According to YouGov (a non-partisan polling organization), where we live, our political party, opinions about foreign language films, and COVID vaccines could help give insight into who will be watching the 2022 Academy Awards.
Divided we stand
According to polling, Americans unsurprisingly have a lot of thoughts about the show this year, which may or may not end up affecting ratings.
- Vaccine policy: Guests will be required to show proof of vaccination, and at least two negative PCR tests (performers and presenters will not) — 46% of people oppose this rule. 55% of Republicans support allowing performers and presenters to bypass proof of vaccination, while 31% of Democrats agree.

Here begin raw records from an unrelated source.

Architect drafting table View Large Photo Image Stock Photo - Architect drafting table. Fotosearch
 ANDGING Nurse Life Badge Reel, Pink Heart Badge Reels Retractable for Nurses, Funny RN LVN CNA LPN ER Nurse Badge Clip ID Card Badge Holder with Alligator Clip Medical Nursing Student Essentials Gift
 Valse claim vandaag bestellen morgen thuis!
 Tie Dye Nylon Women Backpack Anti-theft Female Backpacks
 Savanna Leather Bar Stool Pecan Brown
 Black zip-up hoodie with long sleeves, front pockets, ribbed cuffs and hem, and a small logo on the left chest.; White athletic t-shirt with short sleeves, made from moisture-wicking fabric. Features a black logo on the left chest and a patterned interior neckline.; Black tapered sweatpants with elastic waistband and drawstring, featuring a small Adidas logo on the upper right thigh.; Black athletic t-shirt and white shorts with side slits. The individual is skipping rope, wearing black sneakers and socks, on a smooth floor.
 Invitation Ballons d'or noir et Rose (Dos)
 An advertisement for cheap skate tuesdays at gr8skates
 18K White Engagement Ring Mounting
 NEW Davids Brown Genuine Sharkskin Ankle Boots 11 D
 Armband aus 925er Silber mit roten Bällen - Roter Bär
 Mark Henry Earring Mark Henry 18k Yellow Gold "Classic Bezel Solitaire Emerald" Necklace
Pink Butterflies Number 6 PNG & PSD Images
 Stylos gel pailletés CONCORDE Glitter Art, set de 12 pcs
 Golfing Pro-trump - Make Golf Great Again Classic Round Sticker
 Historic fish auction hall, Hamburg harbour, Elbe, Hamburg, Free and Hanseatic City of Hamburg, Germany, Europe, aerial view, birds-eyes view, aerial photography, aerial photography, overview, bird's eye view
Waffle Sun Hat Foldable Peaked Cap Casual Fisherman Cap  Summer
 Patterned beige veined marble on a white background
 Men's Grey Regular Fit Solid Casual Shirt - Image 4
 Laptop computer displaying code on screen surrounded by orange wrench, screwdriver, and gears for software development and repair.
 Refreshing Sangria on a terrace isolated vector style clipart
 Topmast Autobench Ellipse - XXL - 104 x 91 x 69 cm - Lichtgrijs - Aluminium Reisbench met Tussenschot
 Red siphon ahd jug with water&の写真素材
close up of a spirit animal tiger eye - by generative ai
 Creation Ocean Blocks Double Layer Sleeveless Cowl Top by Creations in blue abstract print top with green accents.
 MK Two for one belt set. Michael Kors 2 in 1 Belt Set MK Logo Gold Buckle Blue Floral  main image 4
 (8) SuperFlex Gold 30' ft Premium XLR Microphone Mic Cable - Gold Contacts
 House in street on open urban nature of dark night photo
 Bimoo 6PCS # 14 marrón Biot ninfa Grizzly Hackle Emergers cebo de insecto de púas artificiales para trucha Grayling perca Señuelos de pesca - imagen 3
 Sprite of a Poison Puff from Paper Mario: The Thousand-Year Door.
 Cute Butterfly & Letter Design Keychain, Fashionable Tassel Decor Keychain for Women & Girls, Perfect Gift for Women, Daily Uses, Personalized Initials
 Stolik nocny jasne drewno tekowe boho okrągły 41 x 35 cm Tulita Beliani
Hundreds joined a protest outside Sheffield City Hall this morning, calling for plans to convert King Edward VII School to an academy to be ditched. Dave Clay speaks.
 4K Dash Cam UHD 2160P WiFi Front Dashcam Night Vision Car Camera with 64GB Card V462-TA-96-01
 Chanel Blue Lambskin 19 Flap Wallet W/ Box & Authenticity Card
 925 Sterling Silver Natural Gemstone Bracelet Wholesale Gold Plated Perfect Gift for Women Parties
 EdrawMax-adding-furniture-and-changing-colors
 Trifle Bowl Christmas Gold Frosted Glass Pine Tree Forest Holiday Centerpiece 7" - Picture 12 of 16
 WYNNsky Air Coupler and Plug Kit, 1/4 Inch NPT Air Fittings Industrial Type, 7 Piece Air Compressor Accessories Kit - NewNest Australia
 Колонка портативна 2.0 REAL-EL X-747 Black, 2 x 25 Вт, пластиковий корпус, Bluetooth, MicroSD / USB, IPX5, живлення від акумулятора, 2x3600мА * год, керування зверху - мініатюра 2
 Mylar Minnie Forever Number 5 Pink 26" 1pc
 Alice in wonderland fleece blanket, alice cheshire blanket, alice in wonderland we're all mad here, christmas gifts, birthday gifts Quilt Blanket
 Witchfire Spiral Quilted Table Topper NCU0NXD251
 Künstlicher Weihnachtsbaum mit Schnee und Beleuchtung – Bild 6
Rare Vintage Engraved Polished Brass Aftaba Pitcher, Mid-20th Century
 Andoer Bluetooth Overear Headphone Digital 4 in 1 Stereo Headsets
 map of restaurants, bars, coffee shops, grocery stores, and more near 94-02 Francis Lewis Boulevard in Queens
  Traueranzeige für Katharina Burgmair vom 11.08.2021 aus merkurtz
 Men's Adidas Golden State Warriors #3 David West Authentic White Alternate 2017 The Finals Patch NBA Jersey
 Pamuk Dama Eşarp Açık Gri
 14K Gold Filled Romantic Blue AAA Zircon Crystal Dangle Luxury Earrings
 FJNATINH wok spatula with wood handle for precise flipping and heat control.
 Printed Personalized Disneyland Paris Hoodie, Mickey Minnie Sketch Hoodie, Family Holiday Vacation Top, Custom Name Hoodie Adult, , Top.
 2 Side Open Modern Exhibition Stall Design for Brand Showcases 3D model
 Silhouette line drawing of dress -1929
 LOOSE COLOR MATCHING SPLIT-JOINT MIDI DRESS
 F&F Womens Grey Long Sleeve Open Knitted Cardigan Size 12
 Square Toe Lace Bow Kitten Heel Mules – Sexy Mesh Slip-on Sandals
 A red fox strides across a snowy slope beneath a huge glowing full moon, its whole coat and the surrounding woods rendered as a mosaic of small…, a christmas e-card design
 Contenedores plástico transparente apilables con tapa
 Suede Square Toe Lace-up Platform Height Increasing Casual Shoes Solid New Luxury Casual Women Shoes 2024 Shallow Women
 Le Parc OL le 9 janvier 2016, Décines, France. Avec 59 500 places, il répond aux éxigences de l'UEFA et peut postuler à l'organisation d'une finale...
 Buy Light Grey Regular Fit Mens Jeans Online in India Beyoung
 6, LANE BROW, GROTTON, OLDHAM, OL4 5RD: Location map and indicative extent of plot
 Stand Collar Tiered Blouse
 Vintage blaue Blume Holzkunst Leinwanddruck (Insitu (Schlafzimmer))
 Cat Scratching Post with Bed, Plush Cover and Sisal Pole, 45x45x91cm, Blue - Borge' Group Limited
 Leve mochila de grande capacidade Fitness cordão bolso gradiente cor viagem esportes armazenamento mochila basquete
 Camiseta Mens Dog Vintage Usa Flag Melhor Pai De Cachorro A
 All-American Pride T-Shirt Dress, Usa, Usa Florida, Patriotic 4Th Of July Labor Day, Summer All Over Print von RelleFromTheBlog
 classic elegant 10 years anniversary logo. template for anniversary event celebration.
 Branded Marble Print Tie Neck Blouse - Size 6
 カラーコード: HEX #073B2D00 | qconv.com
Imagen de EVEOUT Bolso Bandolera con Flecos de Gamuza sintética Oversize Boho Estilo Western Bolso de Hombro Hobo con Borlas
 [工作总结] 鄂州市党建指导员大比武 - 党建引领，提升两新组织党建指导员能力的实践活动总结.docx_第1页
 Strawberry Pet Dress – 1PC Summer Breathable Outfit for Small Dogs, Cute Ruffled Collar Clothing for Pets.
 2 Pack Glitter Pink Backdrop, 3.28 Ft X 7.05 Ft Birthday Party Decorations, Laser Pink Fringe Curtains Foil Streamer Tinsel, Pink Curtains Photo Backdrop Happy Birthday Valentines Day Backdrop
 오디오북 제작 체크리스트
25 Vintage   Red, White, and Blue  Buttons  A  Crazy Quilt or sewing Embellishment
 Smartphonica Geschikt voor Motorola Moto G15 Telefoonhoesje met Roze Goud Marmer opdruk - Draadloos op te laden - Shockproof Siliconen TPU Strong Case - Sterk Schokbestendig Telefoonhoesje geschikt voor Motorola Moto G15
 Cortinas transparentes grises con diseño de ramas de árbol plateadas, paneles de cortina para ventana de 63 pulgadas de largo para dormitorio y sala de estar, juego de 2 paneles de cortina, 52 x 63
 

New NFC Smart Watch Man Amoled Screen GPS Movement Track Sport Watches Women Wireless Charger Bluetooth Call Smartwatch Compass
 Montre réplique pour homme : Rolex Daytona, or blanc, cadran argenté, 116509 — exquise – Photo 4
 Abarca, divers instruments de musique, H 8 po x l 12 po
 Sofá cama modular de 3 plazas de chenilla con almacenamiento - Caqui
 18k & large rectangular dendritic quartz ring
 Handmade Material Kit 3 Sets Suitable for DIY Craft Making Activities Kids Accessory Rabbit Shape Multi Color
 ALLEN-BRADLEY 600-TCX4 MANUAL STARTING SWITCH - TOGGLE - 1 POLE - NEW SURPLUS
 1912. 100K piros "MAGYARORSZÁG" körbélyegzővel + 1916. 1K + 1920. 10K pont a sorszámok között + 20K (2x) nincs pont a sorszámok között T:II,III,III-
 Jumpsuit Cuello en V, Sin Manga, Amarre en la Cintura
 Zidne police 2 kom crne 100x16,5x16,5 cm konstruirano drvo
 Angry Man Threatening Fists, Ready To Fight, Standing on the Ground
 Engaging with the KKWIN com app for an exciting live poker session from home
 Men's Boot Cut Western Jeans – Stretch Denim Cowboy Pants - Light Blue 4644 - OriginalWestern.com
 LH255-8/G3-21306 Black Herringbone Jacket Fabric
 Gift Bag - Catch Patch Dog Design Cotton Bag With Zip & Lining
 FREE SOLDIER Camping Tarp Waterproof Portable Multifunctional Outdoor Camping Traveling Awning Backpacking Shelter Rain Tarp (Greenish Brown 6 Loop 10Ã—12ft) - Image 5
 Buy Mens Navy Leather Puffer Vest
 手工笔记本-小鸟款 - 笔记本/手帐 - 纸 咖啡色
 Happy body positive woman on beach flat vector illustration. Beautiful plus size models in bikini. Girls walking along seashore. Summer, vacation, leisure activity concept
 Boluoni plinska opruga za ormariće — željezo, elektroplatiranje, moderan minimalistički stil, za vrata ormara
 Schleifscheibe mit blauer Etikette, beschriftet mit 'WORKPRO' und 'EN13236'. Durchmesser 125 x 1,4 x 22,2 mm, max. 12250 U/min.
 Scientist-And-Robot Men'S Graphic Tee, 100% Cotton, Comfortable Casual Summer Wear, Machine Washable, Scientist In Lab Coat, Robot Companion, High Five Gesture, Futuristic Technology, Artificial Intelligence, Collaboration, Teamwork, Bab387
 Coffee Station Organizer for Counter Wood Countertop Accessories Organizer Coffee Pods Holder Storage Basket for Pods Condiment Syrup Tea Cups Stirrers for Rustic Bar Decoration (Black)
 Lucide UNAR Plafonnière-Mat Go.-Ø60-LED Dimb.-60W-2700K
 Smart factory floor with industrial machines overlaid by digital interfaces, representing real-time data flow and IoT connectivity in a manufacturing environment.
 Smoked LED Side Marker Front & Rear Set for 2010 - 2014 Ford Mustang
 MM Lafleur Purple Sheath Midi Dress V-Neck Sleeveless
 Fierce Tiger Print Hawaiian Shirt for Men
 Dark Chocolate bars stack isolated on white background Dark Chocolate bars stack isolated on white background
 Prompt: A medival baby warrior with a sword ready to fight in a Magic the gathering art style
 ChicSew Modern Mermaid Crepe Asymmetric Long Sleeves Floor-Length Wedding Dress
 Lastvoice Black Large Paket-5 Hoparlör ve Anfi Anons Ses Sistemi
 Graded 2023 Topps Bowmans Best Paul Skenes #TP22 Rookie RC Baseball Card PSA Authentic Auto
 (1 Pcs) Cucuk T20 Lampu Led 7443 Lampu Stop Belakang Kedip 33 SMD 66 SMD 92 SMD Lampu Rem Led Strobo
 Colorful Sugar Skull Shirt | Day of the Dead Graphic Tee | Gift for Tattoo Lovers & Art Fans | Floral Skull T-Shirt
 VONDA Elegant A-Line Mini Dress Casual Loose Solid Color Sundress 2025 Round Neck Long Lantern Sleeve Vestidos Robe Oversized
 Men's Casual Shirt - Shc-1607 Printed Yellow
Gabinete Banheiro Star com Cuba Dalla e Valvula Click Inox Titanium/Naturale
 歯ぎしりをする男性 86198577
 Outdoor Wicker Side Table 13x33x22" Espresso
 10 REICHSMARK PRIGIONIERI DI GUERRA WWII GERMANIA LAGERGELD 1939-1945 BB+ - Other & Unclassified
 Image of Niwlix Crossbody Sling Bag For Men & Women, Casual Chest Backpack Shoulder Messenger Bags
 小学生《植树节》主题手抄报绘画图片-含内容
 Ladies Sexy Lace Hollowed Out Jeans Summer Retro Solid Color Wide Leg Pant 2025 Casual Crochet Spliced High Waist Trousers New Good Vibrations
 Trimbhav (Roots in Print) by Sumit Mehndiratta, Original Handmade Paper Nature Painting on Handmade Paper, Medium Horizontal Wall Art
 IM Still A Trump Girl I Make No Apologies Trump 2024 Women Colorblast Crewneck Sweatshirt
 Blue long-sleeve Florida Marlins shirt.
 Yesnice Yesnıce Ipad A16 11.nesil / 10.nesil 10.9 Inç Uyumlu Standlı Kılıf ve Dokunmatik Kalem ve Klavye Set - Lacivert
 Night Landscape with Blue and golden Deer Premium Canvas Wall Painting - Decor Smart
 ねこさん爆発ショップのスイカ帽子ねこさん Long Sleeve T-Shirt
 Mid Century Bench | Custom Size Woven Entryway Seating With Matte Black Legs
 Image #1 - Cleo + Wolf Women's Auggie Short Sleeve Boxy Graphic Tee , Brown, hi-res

- Speeches: Among those who participated in the poll, 54% of people do not think it’s appropriate for Oscar winners to discuss politics in their speeches.
- ZIP Code: Americans who live in cities (36%) are more interested in the Oscars than those in the suburbs (25%), towns (13%), and rural areas (23%).
- Best Picture nominations: When asked if non-English films should be eligible for Best Picture, there seem to be party divides. (48% of Democrats say the Academy should equally consider foreign films, while 25% of Republicans agree.)
United we fall
If ratings drop as much as they did in 2021, we’re looking at about the same number of people who watch 90 Day Fiancé — and as much as we love ourselves some 90 Day, putting the two in the same sentence hurts. Yet with the Academy already cutting categories “out of necessity,” we’re officially worried about what could happen if ratings continue to plummet.